▶ [ACTION ITEM] Consider the data that follows and state how many lines contain the string "show", using the number alone.

▶ [EXCERPTED RECORDS]
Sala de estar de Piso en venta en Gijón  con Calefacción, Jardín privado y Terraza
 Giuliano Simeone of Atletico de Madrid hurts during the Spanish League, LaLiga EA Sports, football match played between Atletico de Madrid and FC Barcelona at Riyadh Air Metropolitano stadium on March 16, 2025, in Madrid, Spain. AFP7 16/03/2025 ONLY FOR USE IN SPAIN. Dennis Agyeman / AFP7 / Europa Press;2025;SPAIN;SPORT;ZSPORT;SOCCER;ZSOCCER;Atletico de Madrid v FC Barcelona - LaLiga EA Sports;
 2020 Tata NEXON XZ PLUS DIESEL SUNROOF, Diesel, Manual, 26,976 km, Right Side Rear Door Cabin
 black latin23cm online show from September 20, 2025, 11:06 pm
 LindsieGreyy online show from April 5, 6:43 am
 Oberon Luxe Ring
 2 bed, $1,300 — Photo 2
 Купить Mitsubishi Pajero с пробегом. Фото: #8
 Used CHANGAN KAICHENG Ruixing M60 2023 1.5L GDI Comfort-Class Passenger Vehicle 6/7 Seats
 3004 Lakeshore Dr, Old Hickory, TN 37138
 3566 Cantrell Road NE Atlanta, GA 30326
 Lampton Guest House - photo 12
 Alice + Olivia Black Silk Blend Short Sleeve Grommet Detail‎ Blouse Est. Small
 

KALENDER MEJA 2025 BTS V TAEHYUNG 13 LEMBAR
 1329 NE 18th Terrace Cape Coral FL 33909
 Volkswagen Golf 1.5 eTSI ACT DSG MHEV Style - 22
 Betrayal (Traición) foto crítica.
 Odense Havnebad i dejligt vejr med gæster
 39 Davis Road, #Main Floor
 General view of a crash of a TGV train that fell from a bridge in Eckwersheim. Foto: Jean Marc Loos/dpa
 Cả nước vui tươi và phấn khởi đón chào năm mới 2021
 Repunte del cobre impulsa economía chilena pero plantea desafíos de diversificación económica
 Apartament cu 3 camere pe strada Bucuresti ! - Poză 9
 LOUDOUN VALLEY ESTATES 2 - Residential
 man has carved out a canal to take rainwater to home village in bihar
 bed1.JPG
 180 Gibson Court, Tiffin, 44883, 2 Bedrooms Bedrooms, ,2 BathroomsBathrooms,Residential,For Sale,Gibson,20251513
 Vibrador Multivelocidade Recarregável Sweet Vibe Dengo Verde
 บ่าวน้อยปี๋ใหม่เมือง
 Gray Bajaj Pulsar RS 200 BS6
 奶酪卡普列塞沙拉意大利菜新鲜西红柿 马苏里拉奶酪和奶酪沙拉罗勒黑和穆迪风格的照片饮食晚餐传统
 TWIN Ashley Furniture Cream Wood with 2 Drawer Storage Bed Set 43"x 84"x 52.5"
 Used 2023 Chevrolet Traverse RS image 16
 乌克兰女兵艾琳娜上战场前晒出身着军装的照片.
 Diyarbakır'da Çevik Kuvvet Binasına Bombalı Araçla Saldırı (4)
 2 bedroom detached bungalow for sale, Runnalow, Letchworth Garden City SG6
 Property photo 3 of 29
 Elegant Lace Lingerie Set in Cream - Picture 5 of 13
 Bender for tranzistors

▶ [TASK SOLUTION] 2